Tak m.in. wyglądał Dzień Dziecka na oddziale pediatrii i chirurgi dziecięcej w Mazowiecki Szpitalu Specjalistycznym w Radomiu. Dla dzieci główną atrakcją był występ Młodzieżowego Zespołu Ludowego „Guzowaniaki”.
– Pomyśleliśmy, że byłby to dobry pomysł, żeby odwiedzić dzieci w szpitalu w Radomiu. Lubimy takie akcje i bierzemy udział w różnych akcjach charytatywnych – rozpoczęła Wiola Fijałkowska z Młodzieżowego Zespołu Ludowego „Guzowianki”.
– Jest nas około 50 osób. Dzisiaj większość osób jest w szkole i jest nas garstka – dodała Agata Towarek z Młodzieżowego Zespołu Ludowego „Guzowianki”.
Oprócz artystów dzieciom czas umilały także studentki z kierunku lekarskiego.
– My tutaj przyszliśmy do szpitala czytać dzieciom. Ta akcja jest rozszerzona o zabawy z dziećmi. Mamy różne gry, książki, origami. Rozdajemy balony za uśmiechy, każdy uśmiech wynagradzamy. Możemy rysować, zaplatamy warkoczyki, jeżeli dziewczynki chcą – wyjaśniła Katarzyna Zemsta, studentka kierunku lekarskiego.
– Po pierwsze dzieci dzięki temu odrywają się od ulubionej rozrywki szpitalnej, czyli od telefonów. Słuchają bajek, opowieści a to zawsze rozwija młodego człowieka. Bardzo mnie cieszy, że ta inicjatywa wyszła od studentów medycyny z kierunku lekarskiego naszej radomskiej uczelni. Oni postrzegają człowieka nie tylko jako pacjenta ze swoją chorobą, ale na wskroś humanistycznie podchodzą do swoich studiów – mówił Paweł Strus, specjalista pediatra, kierownik Oddziału Pediatrycznego.
Dzięki zabawie z animatorkami i podczas koncertu zespołu dzieci choć na chwilę mogły zapomnieć o swojej chorobie.
– Na co dzień w szpitalu jest pani Kasia, która zajmuje się dziećmi, organizuje im gry i zabawy. Dzisiaj mamy panie animatorki, które opiekują się naszymi dziećmi. Jest to duża niespodzianka dla dzieci – powiedziała Ewelina, mama 8-letniego Gabrysia.
– Jak przychodzimy to jest taka dołująca atmosfera, bo wszyscy leżą smutni bądź śpią. A potem pojawia się uśmiech na buzi i chcą sobie robić z nami zdjęcia. Chętnie uczestniczą w zabawie – dodała Katarzyna Zemsta, studentka kierunku lekarskiego.

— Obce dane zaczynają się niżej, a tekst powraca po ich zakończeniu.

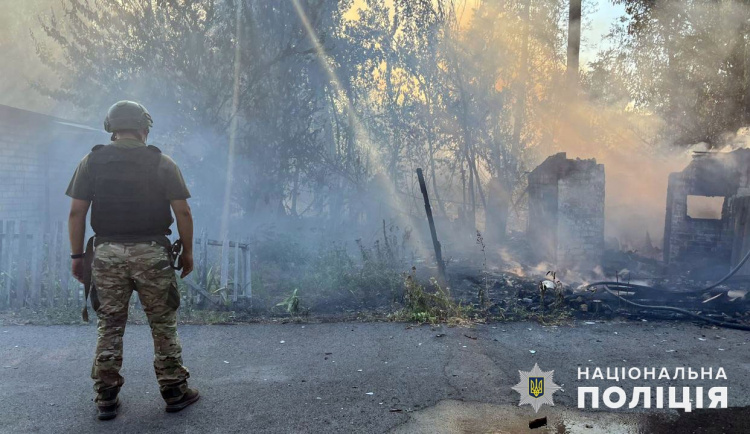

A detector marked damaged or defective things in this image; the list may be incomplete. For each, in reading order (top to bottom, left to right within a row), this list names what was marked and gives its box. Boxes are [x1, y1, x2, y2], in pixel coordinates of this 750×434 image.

burned brick wall [524, 153, 608, 272]
burned brick wall [664, 148, 750, 274] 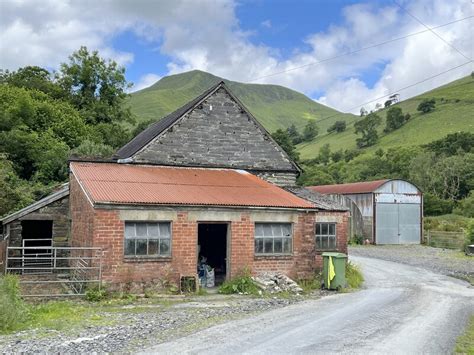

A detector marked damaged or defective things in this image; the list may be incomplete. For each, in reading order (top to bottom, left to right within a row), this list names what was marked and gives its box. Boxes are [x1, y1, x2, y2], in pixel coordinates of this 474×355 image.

rusted metal sheet [69, 163, 314, 210] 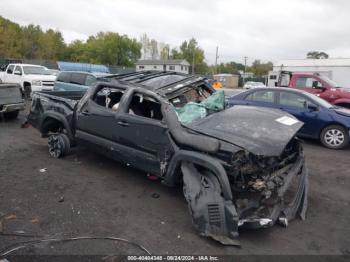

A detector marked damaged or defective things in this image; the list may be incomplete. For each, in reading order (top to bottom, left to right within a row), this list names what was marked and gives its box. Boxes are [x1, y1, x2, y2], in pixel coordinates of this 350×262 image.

damaged front bumper [182, 154, 308, 246] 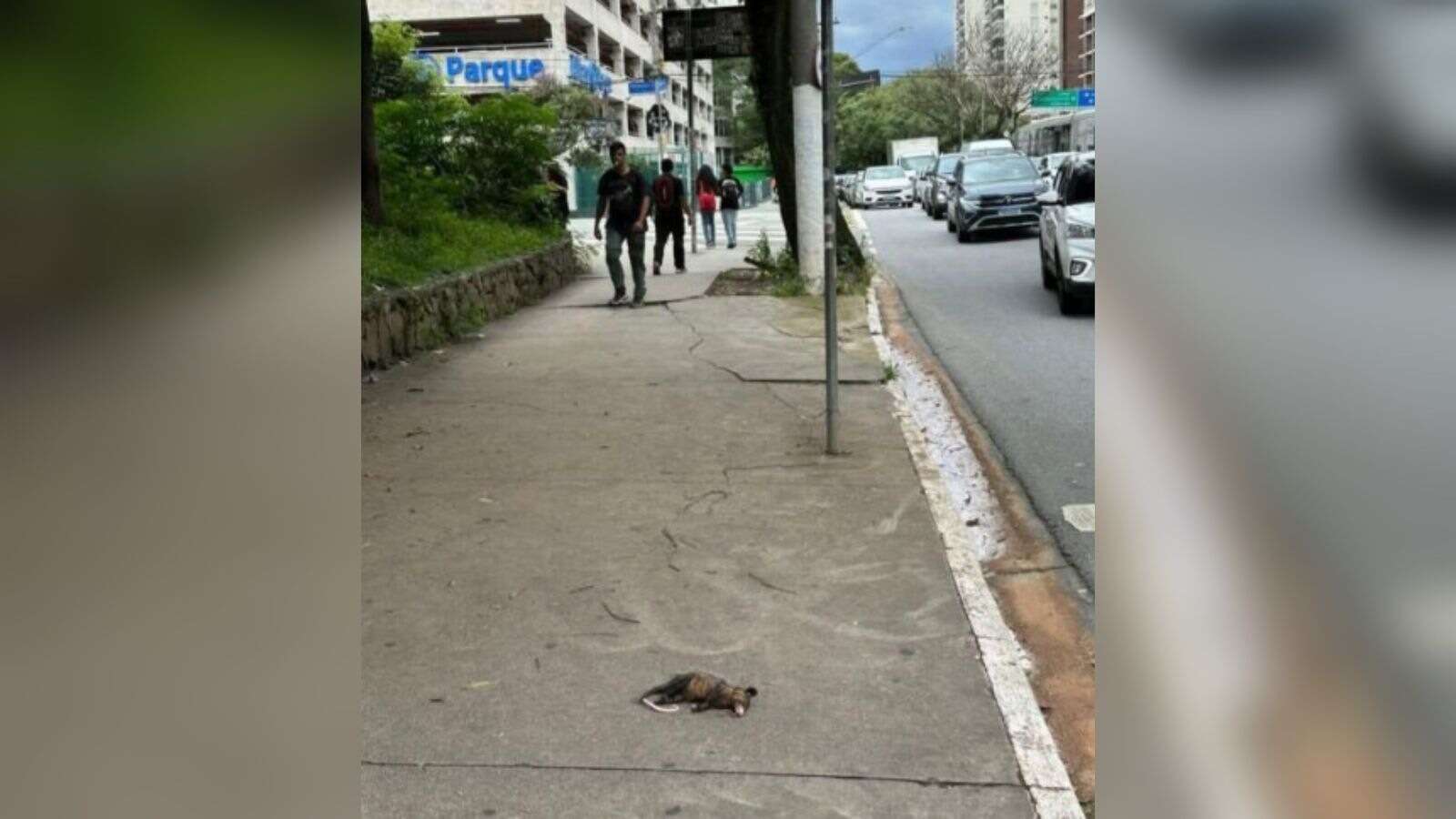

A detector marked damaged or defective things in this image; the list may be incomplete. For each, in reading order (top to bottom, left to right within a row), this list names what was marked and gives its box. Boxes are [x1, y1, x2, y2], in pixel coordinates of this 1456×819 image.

– Tak na co dzień bardzo mało rzeczy można robić, bo w szpitalu trzeba bardziej odpoczywać. Gdyby nasza pani Kasia nie przychodziła, od poniedziałku do piątku, nie mielibyśmy, co robić, ale pani ma gry i można się z nią pobawić – uzupełnił Paweł Królikowski, pacjent.
Młodzieżowy Zespół Ludowy „Guzowianki” przygotował drobne upominki, które rozdawał pacjentom.